Brunette Ambition
- Author: Lea Michele
- Language: English
- Genre: Autobiography
- Publisher: Crown Archetype
- Publication date: May 20, 2014
- Publication place: United States
- Media type: Hardcover
- Pages: 208
- ISBN: 9780804139076

= Brunette Ambition =

2014 book by Lea Michele

Brunette Ambition is an autobiographical book by American actress and singer Lea Michele, released on May 20, 2014, by Random House imprint Crown Archetype. It placed at number three on The New York Times Best Seller list shortly after its release. The book also debuted on the U.S. Nonfiction Best Seller list at number nine.

Brunette Ambition covers topics such as family and friendships, working in show business, fashion, food, and personal health.

==Background==
On May 23, 2013, it was reported that Michele had landed a book deal with Random House and Harmony Books to write an autobiography, chronicling her rise from Broadway actress to the star of the Fox comedy-drama series Glee.
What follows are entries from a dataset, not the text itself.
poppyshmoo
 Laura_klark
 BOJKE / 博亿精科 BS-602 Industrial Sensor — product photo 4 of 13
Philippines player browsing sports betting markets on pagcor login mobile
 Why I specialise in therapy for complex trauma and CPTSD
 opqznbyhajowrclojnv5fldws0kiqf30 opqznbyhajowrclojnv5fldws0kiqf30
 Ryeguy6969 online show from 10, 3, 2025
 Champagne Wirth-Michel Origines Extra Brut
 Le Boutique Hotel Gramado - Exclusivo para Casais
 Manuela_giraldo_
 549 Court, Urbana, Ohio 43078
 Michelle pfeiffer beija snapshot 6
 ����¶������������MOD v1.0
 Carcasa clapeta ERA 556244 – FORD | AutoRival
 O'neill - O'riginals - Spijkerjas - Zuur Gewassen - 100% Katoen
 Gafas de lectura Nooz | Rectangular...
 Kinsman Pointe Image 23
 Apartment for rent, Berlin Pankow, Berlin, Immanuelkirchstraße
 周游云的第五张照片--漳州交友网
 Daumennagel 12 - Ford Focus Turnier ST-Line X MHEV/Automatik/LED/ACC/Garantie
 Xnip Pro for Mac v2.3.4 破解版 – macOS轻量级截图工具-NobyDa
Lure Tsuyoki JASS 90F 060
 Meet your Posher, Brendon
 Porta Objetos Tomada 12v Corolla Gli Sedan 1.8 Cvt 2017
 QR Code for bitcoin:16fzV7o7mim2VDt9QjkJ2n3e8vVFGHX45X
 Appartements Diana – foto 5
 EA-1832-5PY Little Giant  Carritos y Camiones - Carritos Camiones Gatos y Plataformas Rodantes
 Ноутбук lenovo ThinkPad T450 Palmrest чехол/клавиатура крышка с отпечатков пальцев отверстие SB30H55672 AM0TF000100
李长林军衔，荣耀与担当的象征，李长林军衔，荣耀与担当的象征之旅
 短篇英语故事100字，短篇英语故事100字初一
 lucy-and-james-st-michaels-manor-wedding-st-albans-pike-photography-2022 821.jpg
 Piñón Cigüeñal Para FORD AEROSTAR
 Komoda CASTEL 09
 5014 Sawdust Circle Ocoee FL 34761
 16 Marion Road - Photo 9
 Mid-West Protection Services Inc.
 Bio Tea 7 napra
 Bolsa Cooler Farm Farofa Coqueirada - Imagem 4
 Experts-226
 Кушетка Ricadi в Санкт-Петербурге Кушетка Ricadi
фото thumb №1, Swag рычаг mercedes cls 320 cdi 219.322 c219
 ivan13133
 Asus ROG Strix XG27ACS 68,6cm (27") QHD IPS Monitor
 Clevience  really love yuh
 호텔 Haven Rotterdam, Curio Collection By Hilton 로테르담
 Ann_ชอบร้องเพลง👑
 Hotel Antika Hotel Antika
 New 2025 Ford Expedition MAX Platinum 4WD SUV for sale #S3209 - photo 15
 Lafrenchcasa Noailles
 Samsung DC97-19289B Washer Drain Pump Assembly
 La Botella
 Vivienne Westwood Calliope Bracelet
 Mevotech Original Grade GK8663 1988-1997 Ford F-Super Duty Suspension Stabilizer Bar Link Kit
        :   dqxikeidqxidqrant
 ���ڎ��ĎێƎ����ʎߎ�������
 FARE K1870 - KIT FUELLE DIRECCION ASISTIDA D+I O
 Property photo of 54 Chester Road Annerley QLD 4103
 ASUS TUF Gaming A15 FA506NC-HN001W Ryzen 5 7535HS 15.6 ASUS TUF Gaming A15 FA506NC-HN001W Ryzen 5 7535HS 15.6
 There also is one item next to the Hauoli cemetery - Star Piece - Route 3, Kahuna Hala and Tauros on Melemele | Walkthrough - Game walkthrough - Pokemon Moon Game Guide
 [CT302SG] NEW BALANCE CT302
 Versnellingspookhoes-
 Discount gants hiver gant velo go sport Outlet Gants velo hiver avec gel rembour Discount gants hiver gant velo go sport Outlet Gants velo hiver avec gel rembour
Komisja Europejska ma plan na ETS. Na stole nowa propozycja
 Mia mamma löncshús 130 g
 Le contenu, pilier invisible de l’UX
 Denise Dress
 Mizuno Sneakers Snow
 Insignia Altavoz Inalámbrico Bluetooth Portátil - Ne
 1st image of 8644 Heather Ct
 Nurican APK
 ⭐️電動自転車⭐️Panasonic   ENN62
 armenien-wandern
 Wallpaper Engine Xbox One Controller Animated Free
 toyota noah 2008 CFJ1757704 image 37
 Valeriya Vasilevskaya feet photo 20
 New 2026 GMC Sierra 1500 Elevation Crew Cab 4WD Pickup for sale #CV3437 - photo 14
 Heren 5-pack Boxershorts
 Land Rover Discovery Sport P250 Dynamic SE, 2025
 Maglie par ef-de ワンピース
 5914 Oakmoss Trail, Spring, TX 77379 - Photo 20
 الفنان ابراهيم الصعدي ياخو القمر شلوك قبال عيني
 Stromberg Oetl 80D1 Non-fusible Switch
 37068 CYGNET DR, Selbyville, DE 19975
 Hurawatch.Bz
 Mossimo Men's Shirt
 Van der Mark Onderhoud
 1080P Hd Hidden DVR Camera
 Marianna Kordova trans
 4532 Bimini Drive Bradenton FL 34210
In the announcement, Michele said, "There was not a guidebook when I was growing up, that detailed everything I would need to do, and know, to get where I am today. But I believe I can write one of the sorts: not a how-to-make-it-in-show-business book, but a guide to harnessing tenacity, passion, enthusiasm and hard work to make your dreams come true."

==Related books==
In June 2014, shortly after the release of Brunette Ambition, it was reported that Michele would write a follow-up. The second book, titled You First: Journal Your Way to Your Best Life was published on September 22, 2015, by Crown Archetype.